Les enquêtes judiciaires, ainsi que les rapports parlementaires, révèlent que les circuits de blanchiment sont des prestations proposées par les organisations criminelles qui traitent ensemble et sans distinction d’origine des fonds provenant de toutes sortes d'infractions (infractions à la législation sur les stupéfiants, mais aussi travail dissimulé, abus de biens sociaux, contrebande de tabac, contrefaçons, fraude fiscale, proxénétisme, traite des êtres humains...).

Faciliter la saisine de l’ONAF en matière de blanchiment de trafic de stupéfiants après une constatation réalisée par des agents des douanes permet de supprimer une distinction de la loi qui n’est plus adaptée à l’origine diverse des fonds blanchis par les organisations criminelles. Il est rappelé que l’ONAF ne dispose pas du pouvoir d'initier d'office des enquêtes et que la modification n’a pour objet que de permettre aux officiers de douane judiciaire de poursuivre les enquêtes initiées par les agents des douanes.

Par ailleurs, la modification permettra de mettre en cohérence les dispositions de l’article 28-1 du code de procédure pénale.

La rédaction originelle de l’article 28-1 du code de procédure pénale définissant les compétences de l’ONAF (alors SEJF – loi n°99-515 du 23 juin 1999 – art. 28 (V)) prévoyait que la douane judiciaire était par principe incompétente pour diligenter des enquêtes en matière de trafic d’armes, de vols de biens culturels, de trafic de stupéfiants et de blanchiment de ces trois types d’infractions.

Il était prévu de déroger à ce principe d’incompétence mais uniquement dans le cadre « d’unités temporaires » et seulement en matière de trafic d’armes et pour « pour la recherche la constatation des infractions prévues par les articles 222-34 et 222-40 du code pénal », à savoir le trafic de stupéfiants et le blanchiment de ces infractions (prévu à l’article 222-38 du code pénal)

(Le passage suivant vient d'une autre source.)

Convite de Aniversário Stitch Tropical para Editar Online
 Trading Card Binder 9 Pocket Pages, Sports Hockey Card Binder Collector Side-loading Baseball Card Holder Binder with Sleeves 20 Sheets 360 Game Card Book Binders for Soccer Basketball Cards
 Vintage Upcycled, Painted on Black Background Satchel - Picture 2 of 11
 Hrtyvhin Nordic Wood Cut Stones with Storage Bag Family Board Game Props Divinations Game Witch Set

La loi n°2004-204 du 9 mars 2004 – art. 33 modifiait l’article 28-1 du code de procédure pénale en supprimant l’incompétence des officiers de douane judiciaire en matière de trafic d’armes, de vols de biens culturels et de blanchiment de ces infractions et en limitant celle-ci au seul « trafic de stupéfiants », à l’exclusion du blanchiment de trafic de stupéfiants.

Cependant l’alinéa prévoyant la constitution nécessaire « d’unités temporaires » pour enquêter sur les trafics de stupéfiants ne tirait pas toutes les conséquences de cette modification et continuait à prévoir celle-ci en matière de blanchiment de trafic de stupéfiants.

Il est donc proposé de modifier le texte, en excluant de l’obligation de constitution « d’unités temporaires » l’article 222-38 du code pénal qui prévoit et réprime le blanchiment des biens et des revenus provenant du trafic de stupéfiants, les dispositions l’imposant en matière de trafic de stupéfiants restant inchangées.